DATA SUPPLIED:

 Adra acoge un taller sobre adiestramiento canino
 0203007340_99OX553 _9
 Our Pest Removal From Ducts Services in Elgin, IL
==
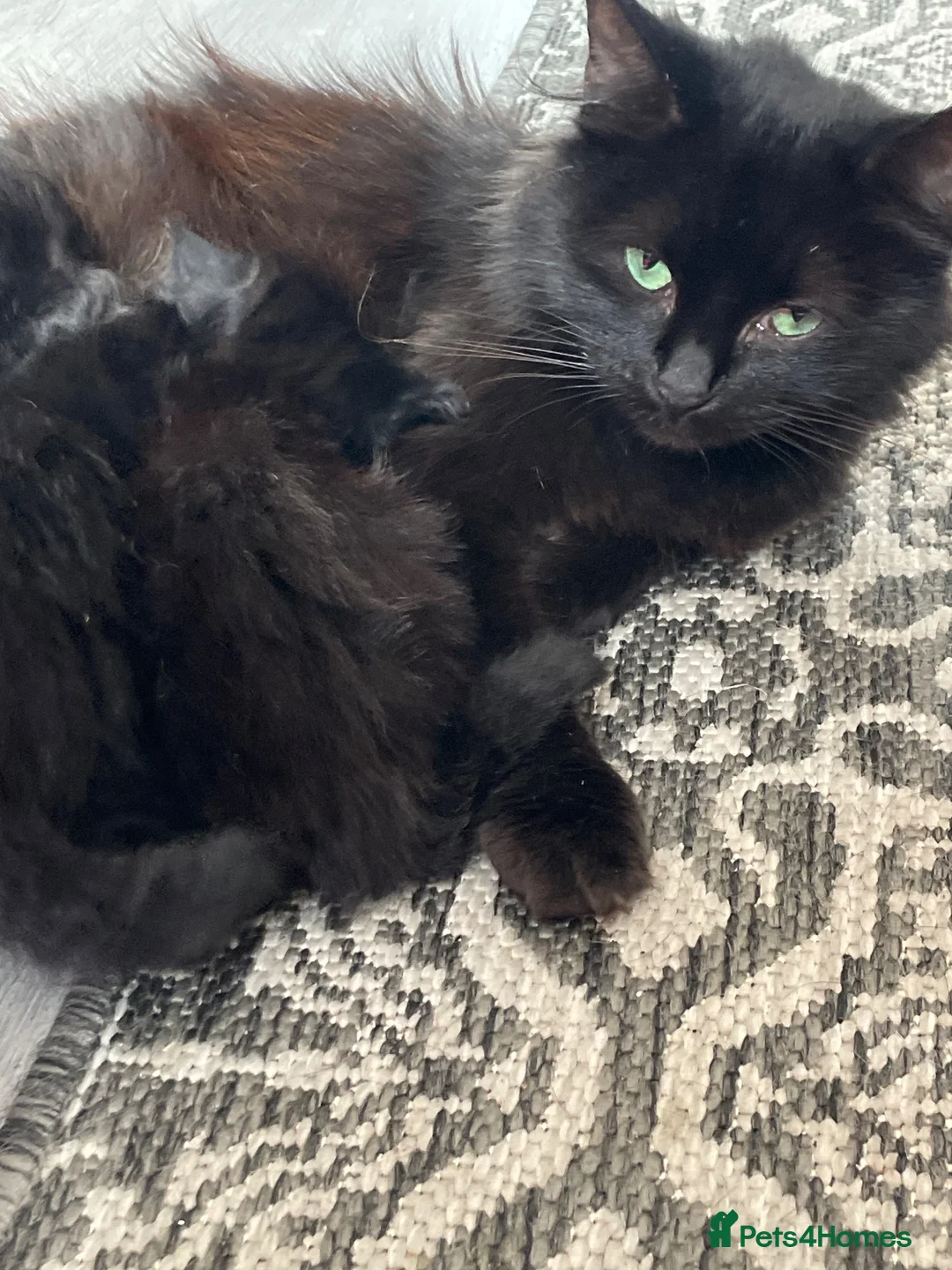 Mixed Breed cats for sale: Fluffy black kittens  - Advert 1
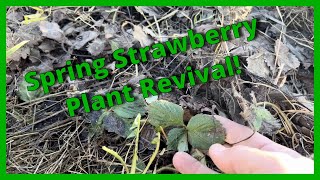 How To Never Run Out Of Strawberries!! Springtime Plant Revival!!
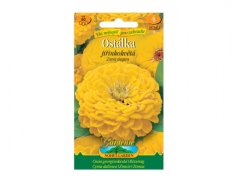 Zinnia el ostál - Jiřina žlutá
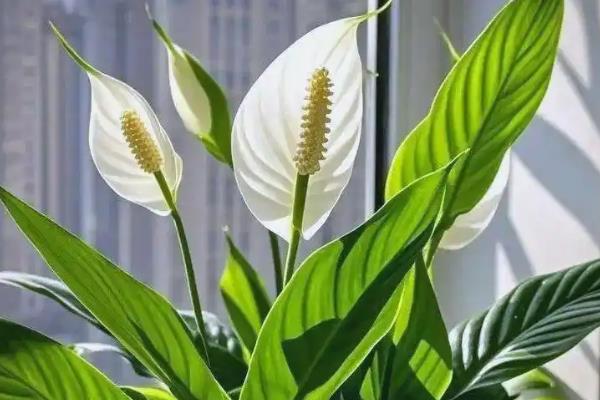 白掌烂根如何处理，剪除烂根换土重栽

BRIEF: Above this task is a listing with pictures in it. Retype only the lines from the one containing "How To Never" through the one containing "白掌烂根如何处理，剪除烂根换土重栽", both included, and not the pictures.

SOLUTION FOR THIS TASK:
 How To Never Run Out Of Strawberries!! Springtime Plant Revival!!
 Zinnia el ostál - Jiřina žlutá
 白掌烂根如何处理，剪除烂根换土重栽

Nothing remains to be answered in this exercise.